Can you tell us about your work as an activist?
My sense as an activist has changed and evolved over the years and is rooted in advocating for equality for minorities. I started volunteering for a community-based non-profit arts organization in 2001 and, through that organization, learned about grass-roots activism. I have participated and graduated from 3 community-based leadership institutes. Through leadership training, I have formed a personal mission that guides the work that I do. I check myself frequently to make sure that my work is in alignment with my personal mission and that I contribute to positive community development.
How important is it to follow your passion and why?
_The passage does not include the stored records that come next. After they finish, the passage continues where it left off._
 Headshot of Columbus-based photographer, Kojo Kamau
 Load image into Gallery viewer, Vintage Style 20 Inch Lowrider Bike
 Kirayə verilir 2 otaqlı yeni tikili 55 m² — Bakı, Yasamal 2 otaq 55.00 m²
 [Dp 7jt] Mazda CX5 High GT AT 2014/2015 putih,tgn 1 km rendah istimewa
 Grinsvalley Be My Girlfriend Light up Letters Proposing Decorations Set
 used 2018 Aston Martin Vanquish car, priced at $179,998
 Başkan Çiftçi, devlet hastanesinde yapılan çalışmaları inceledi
Following my passion in the pursuit of happiness has gotten me to where I am today. On a few instances, I’ve taken what I refer to as a leap of faith. Usually, those moments have come during times in my life where I was unhappy with the work I was doing and when I was feeling as if I wasn’t growing in a positive direction. When I realized that cultivating a life around the arts really made me happy, I made the decision to focus on art. I have left good paying jobs and comfortable places in pursuit of happy and healthy environments. It’s scary to make big changes in your life in order to follow your gut, but I’ve never regretted following my dreams. I also realize that I am privileged and not everyone has the ability and resources to act on their wishes. Because of this, I try to live my life to it’s fullest potential and I’m thankful for the opportunities that come my way. My parents didn’t have much growing up, and they worked very hard to make sure my sister and I had better opportunities than they did. My family’s resiliency pushes me forward.
An artist, educator, and arts advocate based in San Antonio, Texas, Mari Hernandez is a graduate of The University of Texas at San Antonio. She is a founding member of the Chicana artist collective Más Rudas, who between 2009-2015, created installations together. Working mostly in the medium of photography, Mari explores issues of identity, personal narrative, and social circumstance through a Chicana Feminist lens. She has shown locally and nationally, and is a graduate of the Community Leadership Institute, the National Association of Latino Arts and Cultures Leadership Institute and Arts Advocacy Institute.
Mari is currently showing at the Centro de Artes Gallery in Market Square, the Plaza de Armas Gallery, at Parman Public Library, and at Galeria 237.